Medyascope, TBMM Milli Dayanışma, Kardeşlik ve Demokrasi Komisyonu’nun nihai raporu için siyasi partilerin önerilerini incelemeye Yeni Yol Grubu, TİP, EMEP, Yeniden Refah Partisi ve DSP raporlarıyla devam ediyor.
Şimdiye dek sunulan raporlar Kürt meselesinin tanımından çözüm yöntemine, Meclis’in rolünden hukuki düzenlemelere kadar birçok başlıkta ayrışıyor. Silahlı çatışmanın sona ermesi gerektiği ise ortaklaşılan tek güçlü nokta olarak öne çıkıyor.
TİP, komisyonun eksiklerini sıraladı
Türkiye İşçi Partisi (TİP) Kürt sorunu yalnızca bir kimlik sorunu olarak değil; sınıfsal, ekonomik ve siyasal bir sorun olarak ele alıyor. İstanbul Milletvekili Ahmet Şık’ın yer aldığı komisyona TİP önerilerini sıraladığı raporda, Kürtlerin yoğun yaşadığı bölgelerin sistematik biçimde yoksullaştırıldığı, güvencesiz emek havzalarına dönüştürüldüğü vurgulandı. Ayrıca Kürt sorununun tarihçesine yer verilerek, bu süreçte silahların susmasının bir zorunluluk olduğu ancak kalıcı barış sağlanmazsa bunun, uzun vadede anlamlı sonuçlar doğurmayacağına dikkat çekildi.
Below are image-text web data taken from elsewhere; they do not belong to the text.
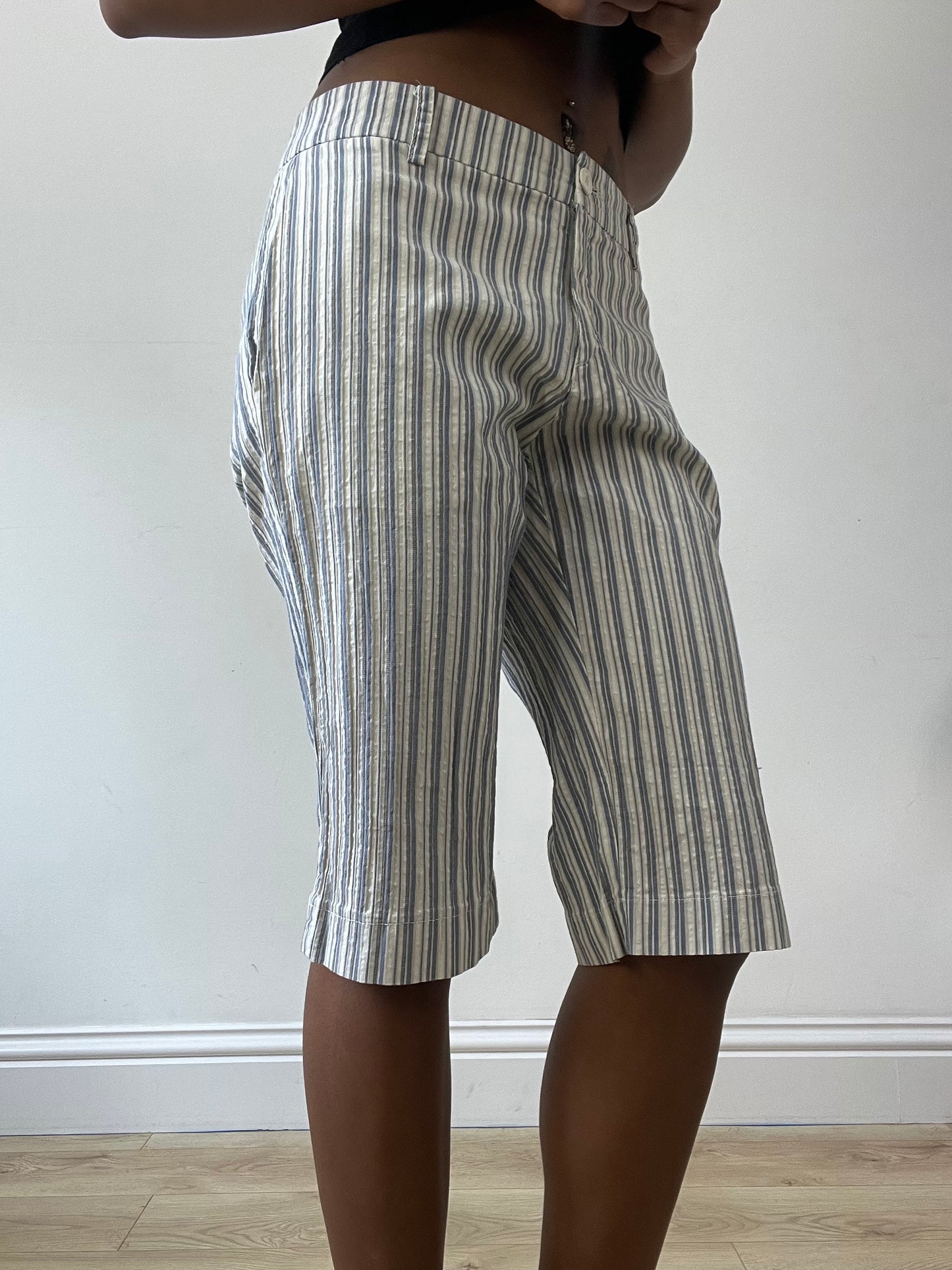 vintage edit thirty-one | medium blue and white striped capri trousers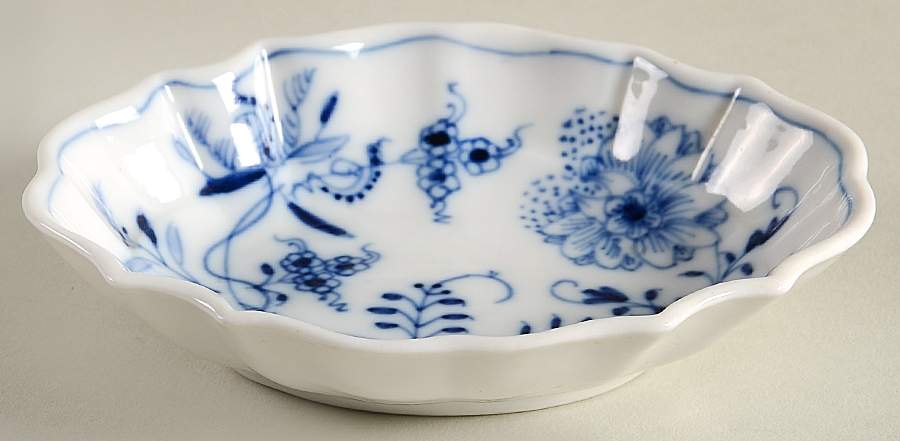 Blue Onion (Oval Backstamp) Nut Dish by Meissen (Germany)-1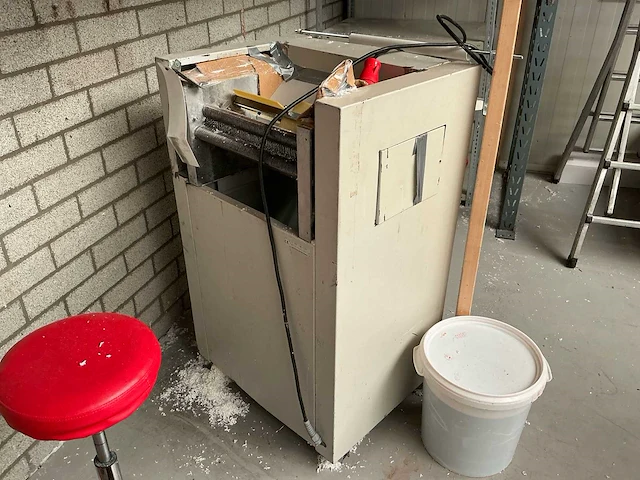Ideal 4605 shredder - afbeelding 1 van  13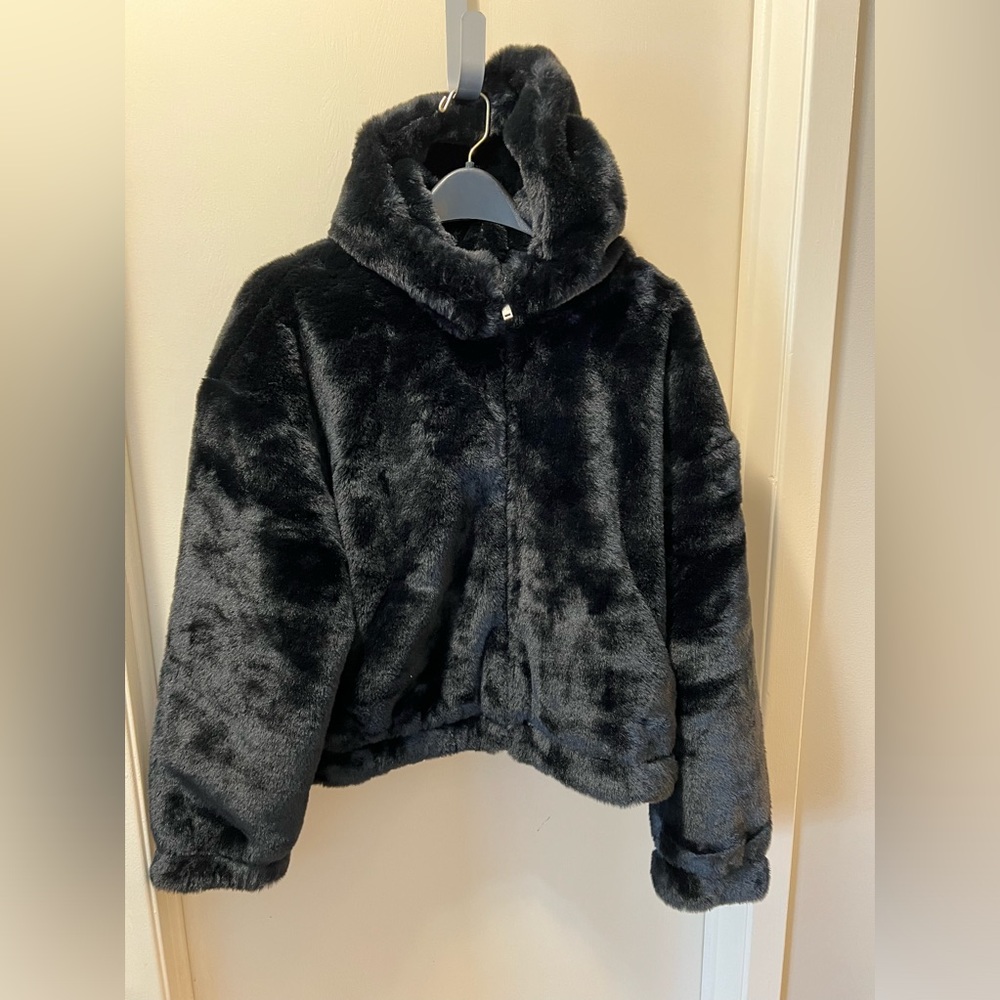 NWOT UGG Mandy Faux Fur Hoodie II
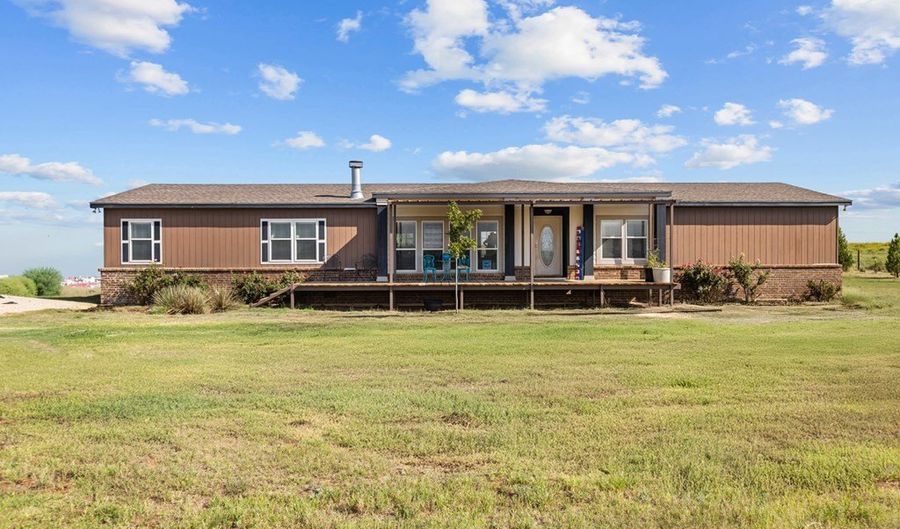 9665 NW County Rd 3601, Andrews, TX 79714 - 4 Beds, 3 Bath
“Komisyon faaliyetlerinde eksiklik” olarak; süreçte şeffaflığı sağlayacak asgari bilgilendirmelerin yapılmadığı, komisyon üyelerinin PKK lideri Abdullah Öcalan ile görüşmesinin tam tutanaklarının komisyona verilmediği, karar alma süreçlerinde sadece grubu olan partilerin temsilcileriyle görüşüldüğü, yasalardan kaynaklı sorunların yeterince tartışılmadığı, komisyonda Kürtçe konuşmaya izin verilmediği, Kürt sorununu değil silahlı şiddeti çözmeye odaklanıldığı gibi pek eleştiriye de yer verildi.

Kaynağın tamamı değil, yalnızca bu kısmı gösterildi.